Audun Heimdal

Personal information
- Born: 8 February 1997
- Died: 20 August 2022 (aged 25)

Sport
- Sport: Ski orienteering; Orienteering;
- Club: Konnerud IL (Ski-O); NTNUI (Foot-O);

Medal record
Representing Norway
Men's ski orienteering
World Championships
| Gold medal – first place | 2021 Kääriku | Pursuit |
| Silver medal – second place | 2019 Piteå | Middle |
| Silver medal – second place | 2021 Kääriku | Sprint |
| Bronze medal – third place | 2019 Piteå | Relay |
Winter Universiade
| Silver medal – second place | 2019 Krasnoyarsk | Sprint |
| Bronze medal – third place | 2019 Krasnoyarsk | Sprint relay |
Junior World Championships
| Silver medal – second place | 2016 Obertilliach | Relay |
| Bronze medal – third place | 2015 Hamar | Middle |
| Bronze medal – third place | 2016 Obertilliach | Sprint |
Men's orienteering
World Championships
| Silver medal – second place | 2021 Doksy | Mixed sprint relay |
Junior World Championships
| Gold medal – first place | 2017 Tampere | Relay |
| Silver medal – second place | 2017 Tampere | Middle |
| Bronze medal – third place | 2016 Engadin | Middle |

= Audun Heimdal =

Norwegian orienteer (1997–2022)

Audun Heimdal (8 February 1997 – 20 August 2022) was a Norwegian orienteering and ski orienteering competitor.

==Biography==
Heimdal won a silver medal in the middle distance at the 2019 World Ski Orienteering Championships.

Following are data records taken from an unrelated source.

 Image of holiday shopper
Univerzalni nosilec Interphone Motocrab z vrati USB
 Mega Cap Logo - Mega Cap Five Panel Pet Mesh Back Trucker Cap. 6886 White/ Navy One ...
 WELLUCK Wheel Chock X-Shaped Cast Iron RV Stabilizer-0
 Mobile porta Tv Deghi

He also won a gold medal in pursuit and a silver medal in sprint at the 2021 World Ski Orienteering Championships. Competing at the 2021 World Orienteering Championships, he won a silver medal in the mixed sprint relay, along with Victoria Hæstad Bjørnstad, Kasper Fosser and Andrine Benjaminsen.

Heimdal was diagnosed with cancer in 2022 and died on 20 August, at the age of 25.